Editorial : « If you’re going to San Francisco… »

« If you’re going to San Francisco… »

Oubliés les mots durs du sommet diplomatique d’Anchorage en 2021, enterrée la visite de Nancy Pelosi à Taïwan à l’été 2022, effacé l’épisode du ballon espion de mars dernier… A San Francisco, l’atmosphère de la rencontre entre Joe Biden et Xi Jinping en marge du sommet annuel de l’APEC (15 au 17 novembre), était étonnamment détendue, à en croire les pouces levés de Biden et les sourires, d’ordinaire plutôt rares, de Xi.

D’après la Maison Blanche, la rencontre a donné lieu à de « véritables progrès ». En effet, les Américains ont obtenu satisfaction sur les deux sujets qu’ils avaient publiquement affichés comme prioritaires : la réouverture des canaux de communication entre les militaires des deux pays, ainsi que l’engagement de Pékin de lutter contre les exportations illégales de fentanyl, l’opioïde de synthèse qui a fait l’an dernier 100 000 de morts par overdose aux Etats-Unis.

Les deux hommes se sont également engagés à mener des discussions sur l’intelligence artificielle, augmenter la fréquence des liaisons aériennes entre leurs pays respectifs et à favoriser les échanges humains. En outre, un accord sur la reprise de la coopération sino-américaine sur le climat a été conclu juste à temps pour la COP 28 qui se tiendra à Dubaï à la fin du mois.
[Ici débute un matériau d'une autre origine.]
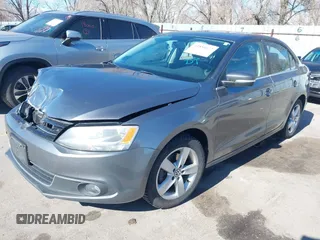 2012 Volkswagen Jetta TDI w/Premium & Nav z VIN 3VWLL7AJ5CM361646, wystawiony jako IAAI lot #41856672 z przebiegiem 190 292 mil mil oraz . Historia ofert i sprzedaży dostępna na DreamBid. Obrazek 17.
C’est la première fois depuis le G20 à Bali, en novembre 2022, que les deux hommes se parlent, Xi ayant préféré envoyer son Premier ministre, Li Qiang, lors du dernier G20 à Delhi. C’est aussi la première fois que le président chinois se rend aux États-Unis depuis 2017. L’accompagnaient durant ce déplacement : son fidèle chef de cabinet, Cai Qi ; le n°1 de la diplomatie chinoise, Wang Yi ; le vice-ministre des Affaires étrangères, Ma Zhaoxu ; le ministre du Commerce, Wang Wentao ; le directeur de l’organe de planification de l’économie (NDRC), Zheng Shanjie ; et bien sûr, l’ambassadeur de la RPC à Washington, Xie Feng.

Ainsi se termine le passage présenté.